*** Opening of RECORD EXCERPTS ***
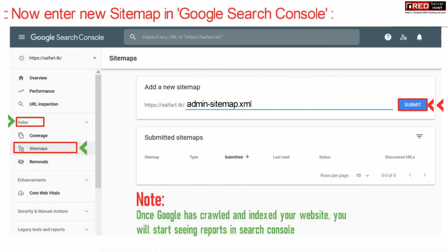Please note: once Google has crawled and indexed your website, you will start seeing its report in the Search Console itself.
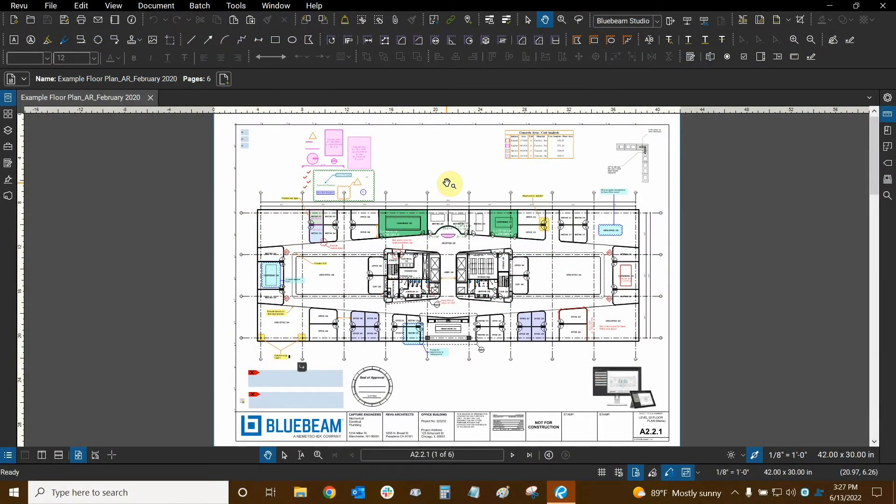Hi everyone and welcome to Bluebeam Review. My name is Ari and I'm a Bluebeam certified instructor with Digital Drafting Systems. Today we're going to learn how to create markups and use our tool chest in Review 20.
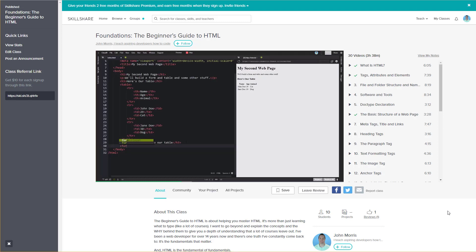Hey guys, John here with a quick video for you. I want to let you know about a new course I just released on Skillshare and Patreon: Beginner's Guide to HTML.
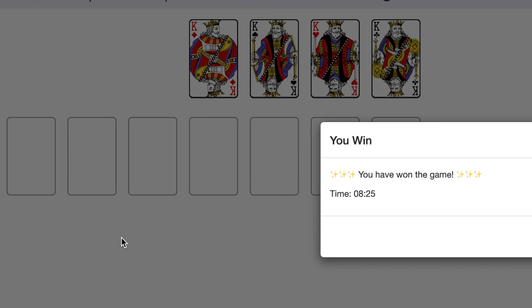All right, thanks for watching. And hey, if you didn't watch, well, what's wrong with you, man? See ya!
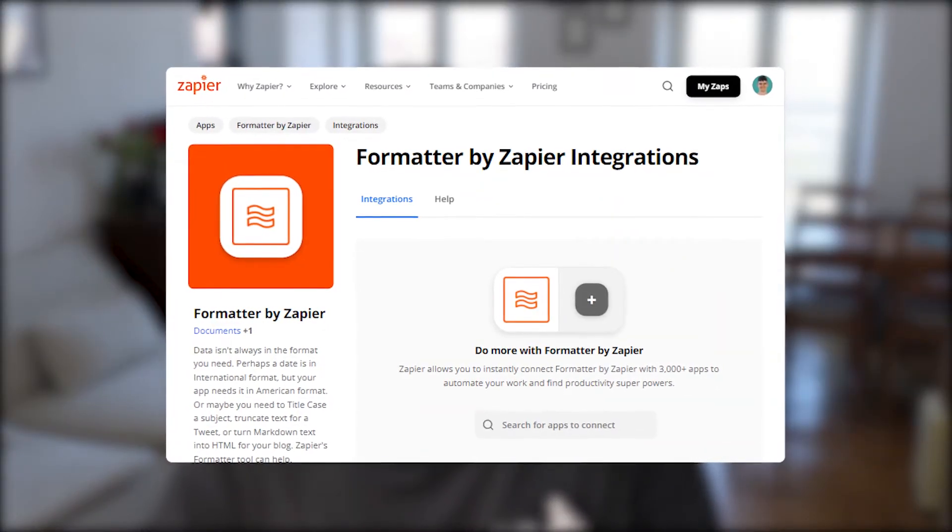In Zapier you're constantly working on all these different platforms and tools, and therefore sometimes it can be necessary to format data and change the way it works and looks. This is why Zapier introduced the Zapier Formatter, which allows you to format all kinds of data. I'm going to show you how to use this in this video. This is going to be a rather long video, but I really advise you to watch it till the end because this is one of the most important tools in Zapier — one that I constantly use in pretty much all of my Zaps.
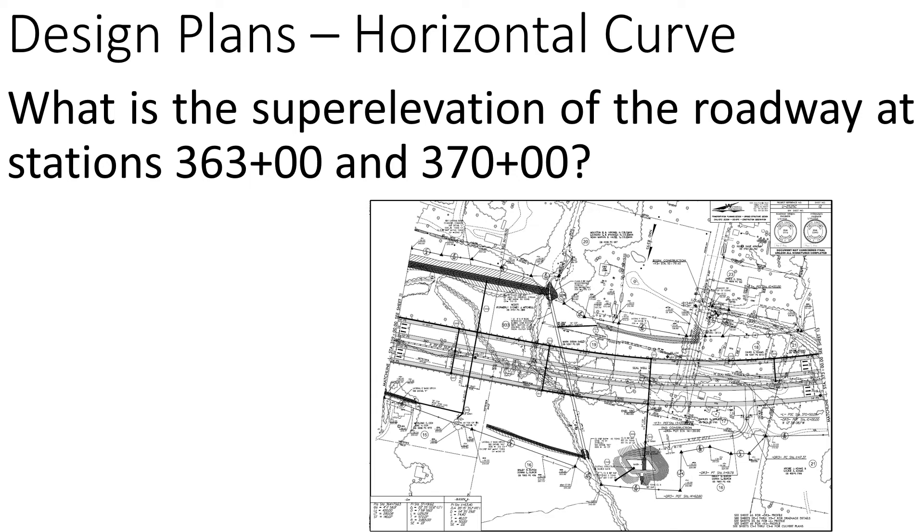For this question we're being asked to find the superelevation of the roadway at station 363 and 370. So we're going to take a look at this design plan. I'm going to zoom in a little bit so we can see some more details.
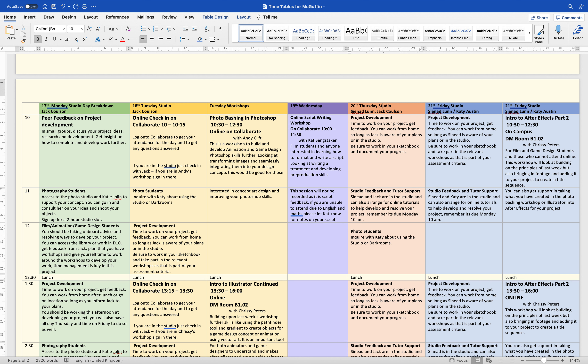Project development is basically all day Thursday. If you want to work in the studio that's great; if you want to work online there'll be an online check-in for those guys as well. You have the opportunity to develop the project further and get support — both Jack and Sinead are in to offer you feedback. On Friday there's additional project development, studio feedback, and support.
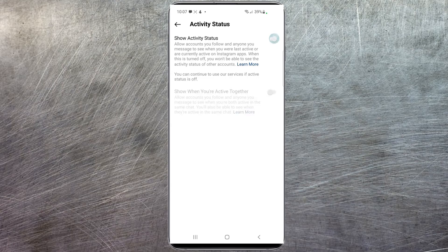All you have to do is toggle this off, exit back out of the app, and it'll update automatically. So that's all there is to turning off your activity status on Instagram. Hope you found this informative. Please hit that like button if you did, and we'll see you in the next video.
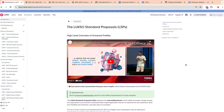Hello everyone. In this video we're going to have a quick introduction on universal profiles and the LSPs, and what's possible to build with them. LSPs stand for LUKSO Standard Proposals, and it's similar to the EIPs and ERCs we have in the Ethereum ecosystem, just separated to have a more quiet and less biased space of discussion.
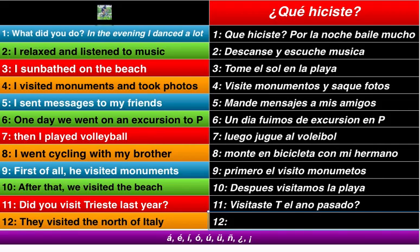They visited — visitaron. They visited the north of Italy, el norte de Italia. Gracias y adiós.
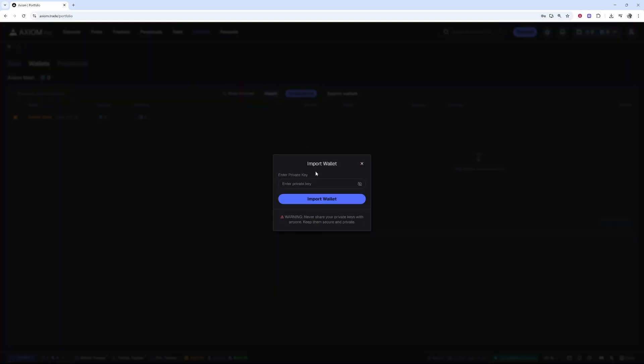Then go back and import that private key by pasting it in, then click import wallet. There you go, you will have connected your Phantom Wallet to Axiom Pro.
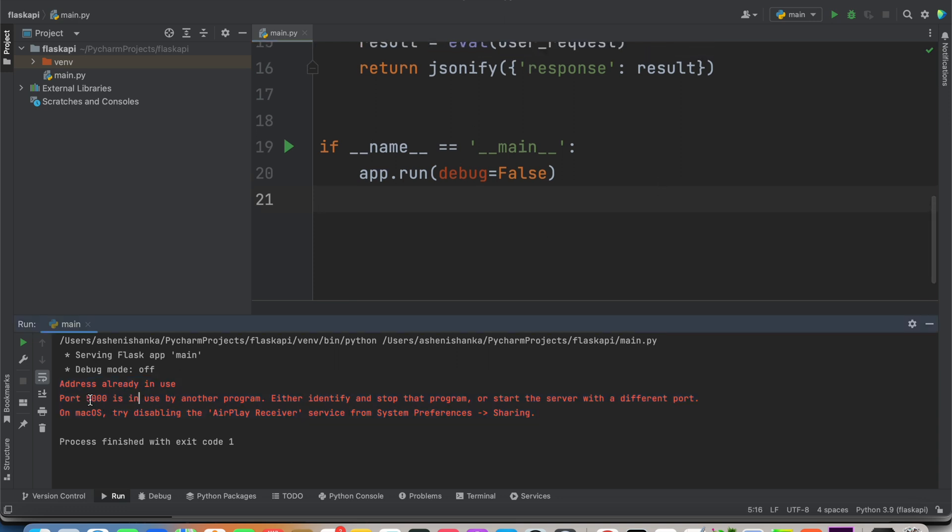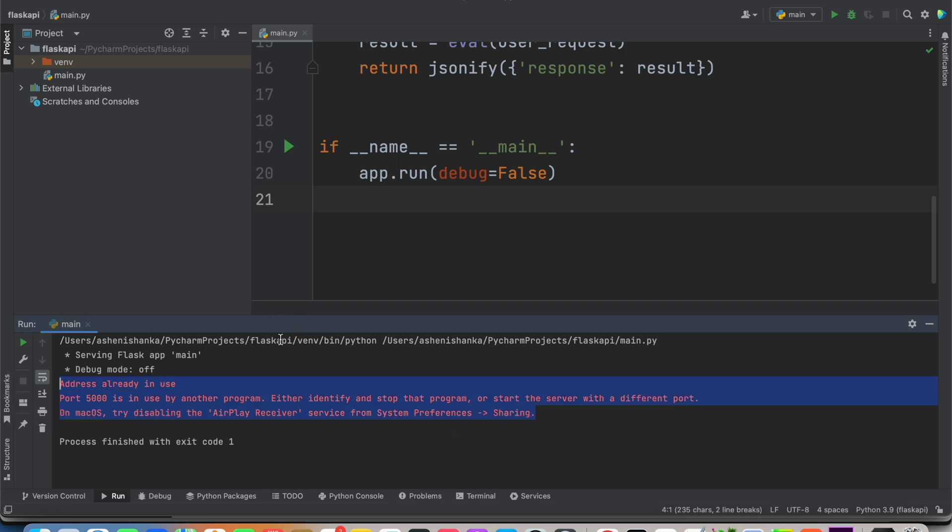This port 5000 is in use by another program. Either identify and stop the program or start the server with a different port. On macOS, try disabling the AirPlay receiver and it suggests me something to do.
*** Close of RECORD EXCERPTS ***
INSTRUCTIONS TO FOLLOW:
Return the records above in their entirety, word for word, with the pictures removed.

THE COMPLETED TASK:
Please note: once Google has crawled and indexed your website, you will start seeing its report in the Search Console itself.
Hi everyone and welcome to Bluebeam Review. My name is Ari and I'm a Bluebeam certified instructor with Digital Drafting Systems. Today we're going to learn how to create markups and use our tool chest in Review 20.
Hey guys, John here with a quick video for you. I want to let you know about a new course I just released on Skillshare and Patreon: Beginner's Guide to HTML.
All right, thanks for watching. And hey, if you didn't watch, well, what's wrong with you, man? See ya!
In Zapier you're constantly working on all these different platforms and tools, and therefore sometimes it can be necessary to format data and change the way it works and looks. This is why Zapier introduced the Zapier Formatter, which allows you to format all kinds of data. I'm going to show you how to use this in this video. This is going to be a rather long video, but I really advise you to watch it till the end because this is one of the most important tools in Zapier — one that I constantly use in pretty much all of my Zaps.
For this question we're being asked to find the superelevation of the roadway at station 363 and 370. So we're going to take a look at this design plan. I'm going to zoom in a little bit so we can see some more details.
Project development is basically all day Thursday. If you want to work in the studio that's great; if you want to work online there'll be an online check-in for those guys as well. You have the opportunity to develop the project further and get support — both Jack and Sinead are in to offer you feedback. On Friday there's additional project development, studio feedback, and support.
All you have to do is toggle this off, exit back out of the app, and it'll update automatically. So that's all there is to turning off your activity status on Instagram. Hope you found this informative. Please hit that like button if you did, and we'll see you in the next video.
Hello everyone. In this video we're going to have a quick introduction on universal profiles and the LSPs, and what's possible to build with them. LSPs stand for LUKSO Standard Proposals, and it's similar to the EIPs and ERCs we have in the Ethereum ecosystem, just separated to have a more quiet and less biased space of discussion.
They visited — visitaron. They visited the north of Italy, el norte de Italia. Gracias y adiós.
Then go back and import that private key by pasting it in, then click import wallet. There you go, you will have connected your Phantom Wallet to Axiom Pro.
This port 5000 is in use by another program. Either identify and stop the program or start the server with a different port. On macOS, try disabling the AirPlay receiver and it suggests me something to do.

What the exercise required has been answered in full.